I am trying to solve the following problem.
If $y | \beta \sim N(X \beta, I_n)$ and $\beta \sim N(0, g^{-1}(X^t X)^{-1})$ for $g>0$. Find $ \pi(\beta|y)$ and show that $E(\beta|y)$ is a function of MLE of $\beta$.
My approach,
I proved that to maximize the likelihood, it is equivalent to minimizing the SSE, so the OLS is equal to the MLE.
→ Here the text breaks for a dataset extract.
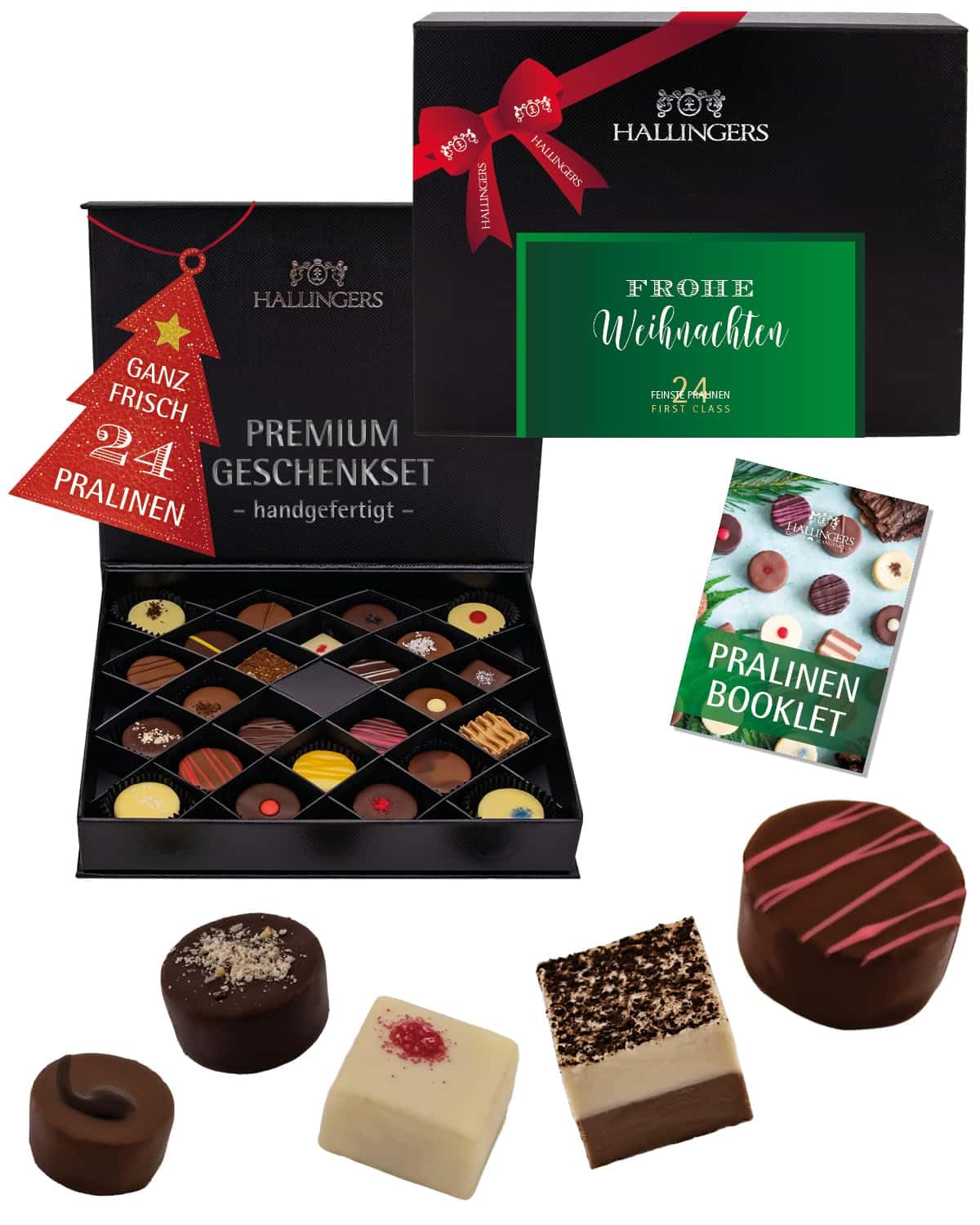 hallingers-pralinen-frohe-weihnachten-pralinenbox-ohne-alkohol-300g image 1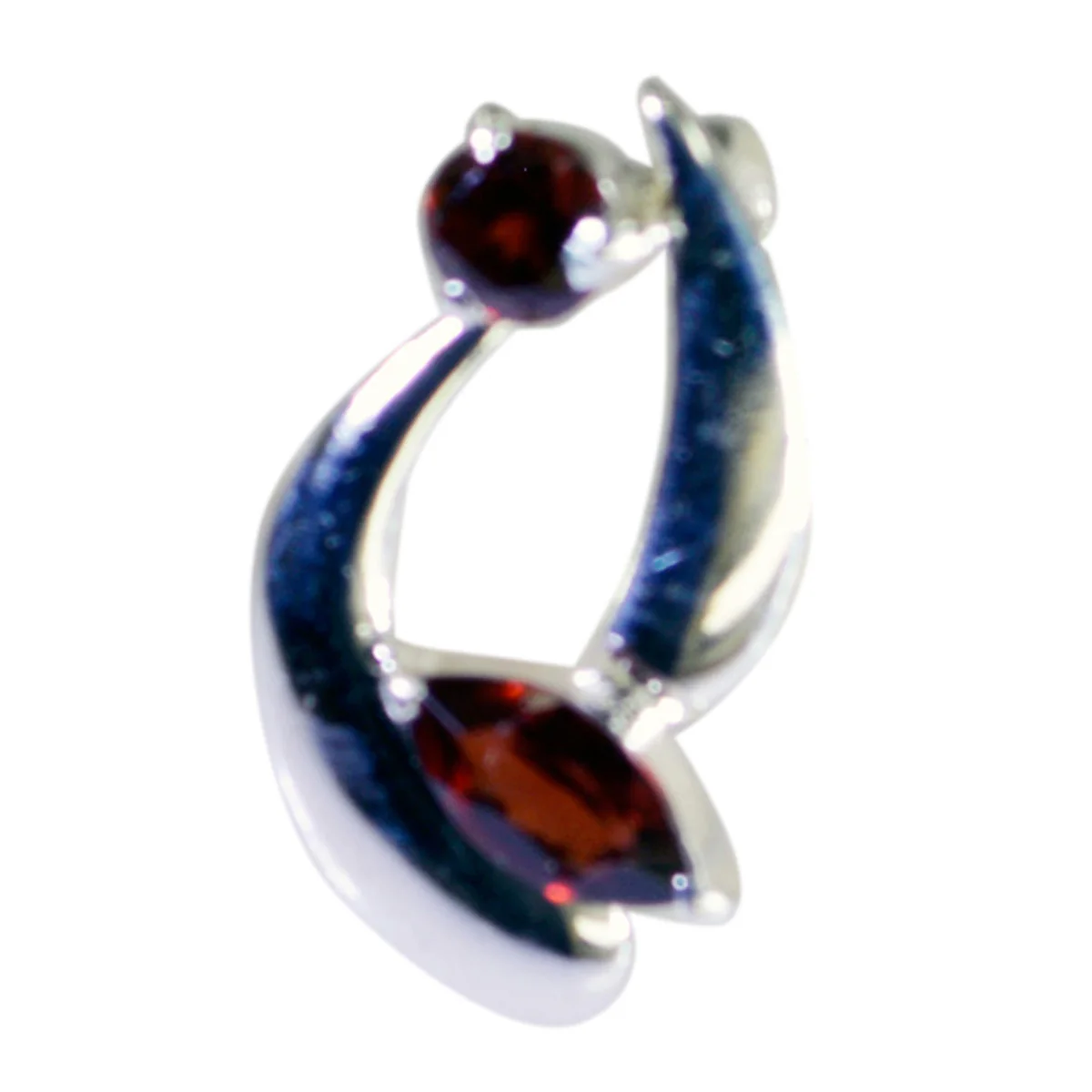 Garnet Delicate Turkish 925 Silver Toi et Moi Pauline Contemporary Red Pendant Jewelry - Image 3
I know normal is conjugate prior. So, $$\pi(\beta|y)= \frac{f(y|\beta)\pi(\beta)}{m(y)} \propto f(y|\beta)\pi(\beta) $$
$$ \pi(\beta|y) \propto \exp\{ - \frac{1}{2}(y-X\beta)^t (y-X\beta) - \frac{1}{2}\beta^t(g^{-1}(X^tX)^{-1})^{-1}\beta \} $$ $$ = \exp\{ - \frac{1}{2}( y^t y -2y^tX \beta+(1+g)\beta^t(X^tX)\beta ) \}$$ and I get stuck. I read about g-priors and I think the a posterior is $N(\frac{1}{1+g}\hat{\beta}, \frac{1}{1+g} (X^t X)^{-1})$ but I'm not sure.